Все еще голосом, которым говорят в темноте (рука его запуталась в моих волосах — он не привык и не умел гладить), сказал мне папа, лежа со мной под моим одеялом, под утро тридцатого ноября 1947 года: «Конечно, и тебе не однажды будут досаждать всякие хулиганы, и на улице, и в школе. Возможно, они будут приставать к тебе как раз потому, что ты будешь немного похож на меня. Но отныне, с той минуты, как появится у нас государство, хулиганы никогда не пристанут к тебе, потому что ты — еврей, а евреи — они такие и сякие. Это — нет. Никогда в жизни. С нынешней ночи с этим здесь покончено. Покончено навсегда».

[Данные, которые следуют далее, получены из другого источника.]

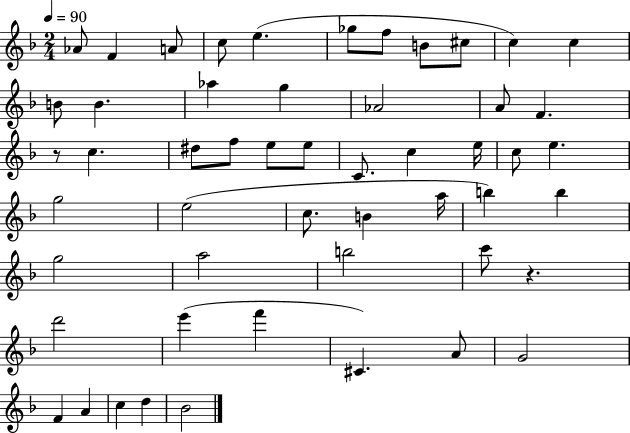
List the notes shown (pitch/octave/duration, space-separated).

Ab4/e F4/q A4/e C5/e E5/q. Gb5/e F5/e B4/e C#5/e C5/q C5/q B4/e B4/q. Ab5/q G5/q Ab4/h A4/e F4/q. R/e C5/q. D#5/e F5/e E5/e E5/e C4/e. C5/q E5/s C5/e E5/q. G5/h E5/h C5/e. B4/q A5/s B5/q B5/q G5/h A5/h B5/h C6/e R/q. D6/h E6/q F6/q C#4/q. A4/e G4/h F4/q A4/q C5/q D5/q Bb4/h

И я протянул свою сонную руку, чтобы коснуться его лица, чуть пониже его высокого лба, и вдруг вместо очков мои пальцы коснулись слез. Никогда за всю свою жизнь, ни до этой ночи, ни после нее, даже когда умерла моя мама, я не видел отца плачущим. По сути, и в ту ночь я этого не видел: в комнате было темно. Только левая моя рука видела.

Спустя примерно три часа, в семь утра, пока мы спали, и спала, пожалуй, вся улица, и весь квартал, в Шейх Джерах обстреляли еврейскую карету «скорой помощи», ехавшую из центра Иерусалима в больницу «Хадасса» на горе Скопус. По всей Эрец-Исраэль арабы нападали на еврейские автобусы, убивали и ранили пассажиров, стреляли из легкого стрелкового оружия и из пулеметов по отдаленным кварталам и одиноким населенным пунктам.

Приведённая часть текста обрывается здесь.